Bitter flavors and bitter compounds in foods: identification, perception, and reduction techniques

鉴定(生物学) 食品科学 风味 适口性 化学 苦味 生物 品味 植物
作者
Xinyu Chu,Wangsheng Zhu,Xue Li,Erzheng Su,J. Wang
出处
期刊:Food Research International [Elsevier]
卷期号:183: 114234-114234
标识
DOI:10.1016/j.foodres.2024.114234
摘要

Bitterness is one of the five basic tastes generally considered undesirable. The widespread presence of bitter compounds can negatively affect the palatability of foods.

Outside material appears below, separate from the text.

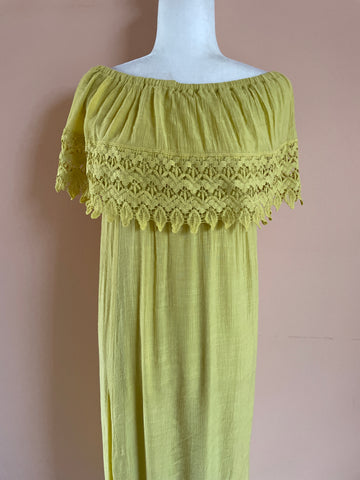2000s Striking Yellow Floral Crochet Boho Chic Maxi Dress S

The classification and sensory evaluation of bitter compounds have been the focus in recent research. However, the rigorous identification of bitter tastes and further studies to effectively mask or remove them have not been thoroughly evaluated. The present paper focuses on identification of bitter compounds in foods, structural-based activation of bitter receptors, and strategies to reduce bitter compounds in foods. It also discusses the roles of metabolomics and virtual screening analysis in bitter taste. The identification of bitter compounds has seen greater success through metabolomics with multivariate statistical analysis compared to conventional chromatography, HPLC, LC-MS, and NMR techniques. However, to avoid false positives, sensory recognition should be combined. Bitter perception involves the structural activation of bitter taste receptors (TAS2Rs). Only 25 human TAS2Rs have been identified as responsible for recognizing numerous bitter compounds, showcasing their high structural diversity to bitter agonists. Thus, reducing bitterness can be achieved through several methods. Traditionally, the removal or degradation of bitter substances has been used for debittering, while the masking of bitterness presents a new effective approach to improving food flavor. Future research in food bitterness should focus on identifying unknown bitter compounds in food, elucidating the mechanisms of activation of different receptors, and developing debittering techniques based on the entire food matrix.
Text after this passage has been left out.